Wednesday, August 22, 2012

this time

It was short and sweet over the phone me admitting to Josh, one of my best friends, my Desert Island Guy, you know the person you would choose to be stuck with when push comes to shove, that my diabetes is out of control and I am feeling lost.  He knows without me saying it I mean I am scared.  The pep talk, the brave act of telling me I might consider limiting my coffee intake, the gentle voice of a man I trust running through all the to do’s and don’t do’s, again without belittling without judgment without saying ‘you know what to do just do it’.  The whole conversation he was making his way to me, down the canyon so I could drop him off at the airport.  I am the anchor who gets stuff like this done.  I get called in when things blow up and time matters but no one wants to be lectured about it.  His mom has been making frantic phone calls to me all morning "Josh missed his flight & won't answer his phone."  I have one job; to get Josh to the airport.      

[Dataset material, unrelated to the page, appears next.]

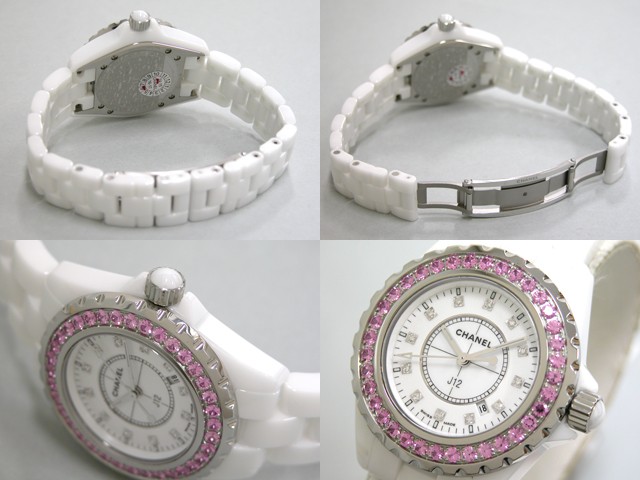 シャネルスーパーコピー j12 H2010 33mm ホワイトセラミックブレス 12Pダイヤ ベゼルピンクサファイヤ ホワイト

The ride to the airport was also short (with him behind the wheel), but sweet? not so much.  Running notoriously late for this his second attempt today to fly out of SLC the threat of missing this plane too was very real.  I don’t think I have (been) driven that fast in over 2 decades.   Every once in a while he would turn to look at me and smile.  “You don’t normally scare me.” I say laughing and halfway closing my eyes.  I flinch as he speeds weaving in and out of traffic.
“Reminds you of high school doesn’t it?” He answers and turns up the radio.  He is in heaven tormenting me like this.  Shorts, t-shirt, ball hat, he looks like high school and he wears it well.

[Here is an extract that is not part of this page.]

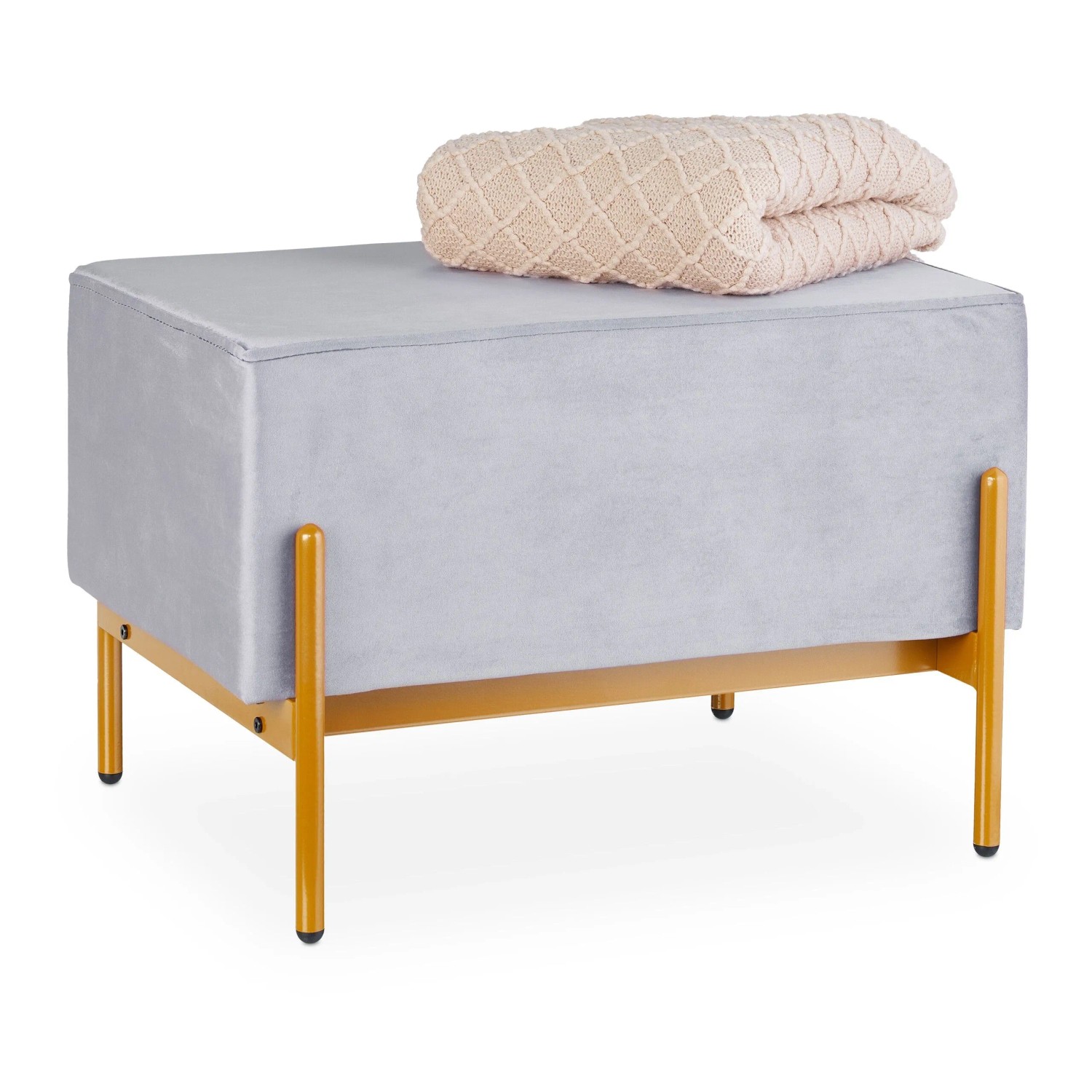 Relaxdays Sitzbank Samt Grau Gepolstert 40 cm x 60 cm x 43 cm 6,5 kg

I lean in so he can hear me against the rush of the down windows and the music which just happens to be playing one of my most favorite songs of all time, “If I would have known I was going to die today I would have eaten what I wanted for breakfast.”

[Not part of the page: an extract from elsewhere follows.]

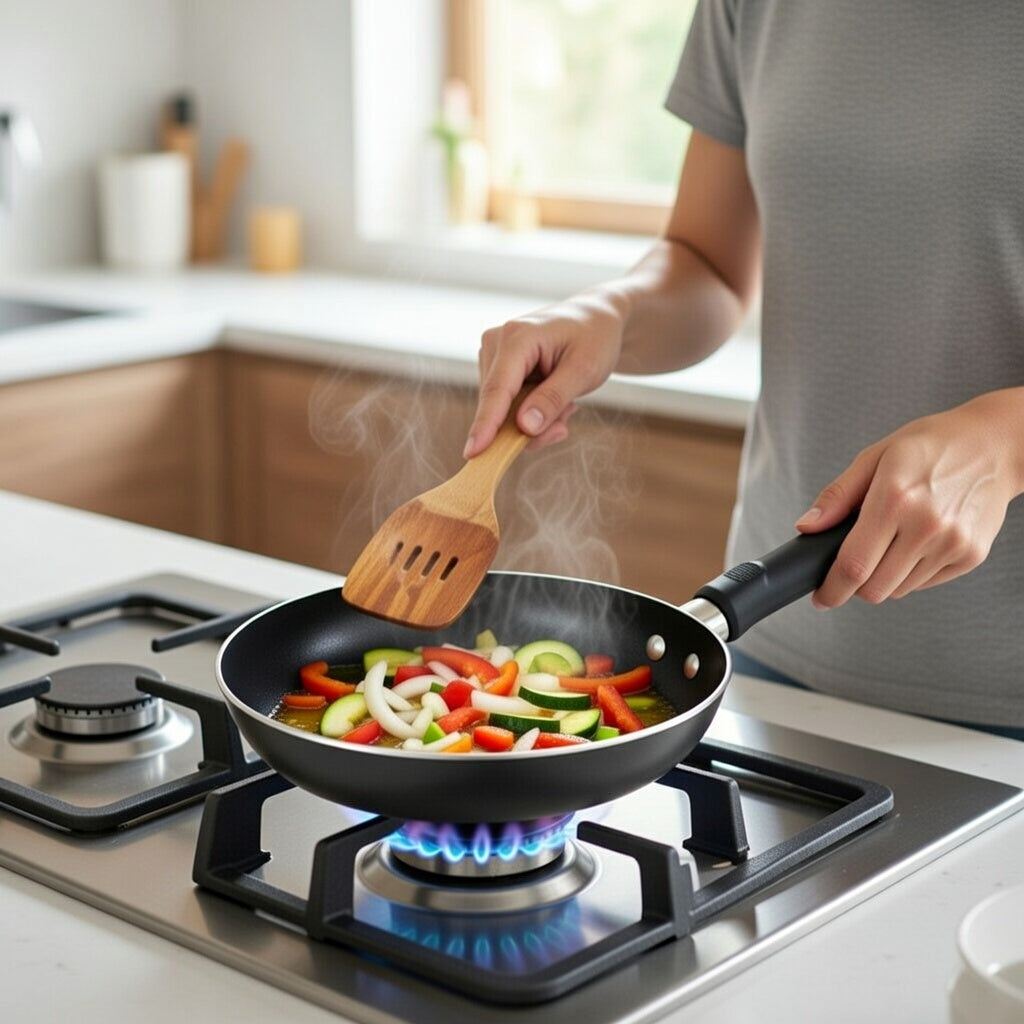 24cm Non-Stick Fry Pan with Stone Vein Coating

“You’re not going die today.” He says but the grin on his face is more serous than humorous.  He takes a turn at mock speed swerves around 2 other cars.   It is surreal like a video game.  When he bought this car as a reclaimed salvage he told me he thought someone had died in it.  I thought about the new front end crash tests being done & the epic failures all around, about the seat of death.  It reminds me I want to live and I think somehow that was the whole point.  Josh knows how to speak so I will listen, most often it doesn’t involve words.

We cut it so close he instructed me to not leave the airport until he knew whether or not he would be allowed to board.  He called just as I was rounding the last bend, “I’ve got.  We’re good…”  Yes Sir, I believe we are and I drove his car home, windows down, stereo up, doing the speed limit the whole way.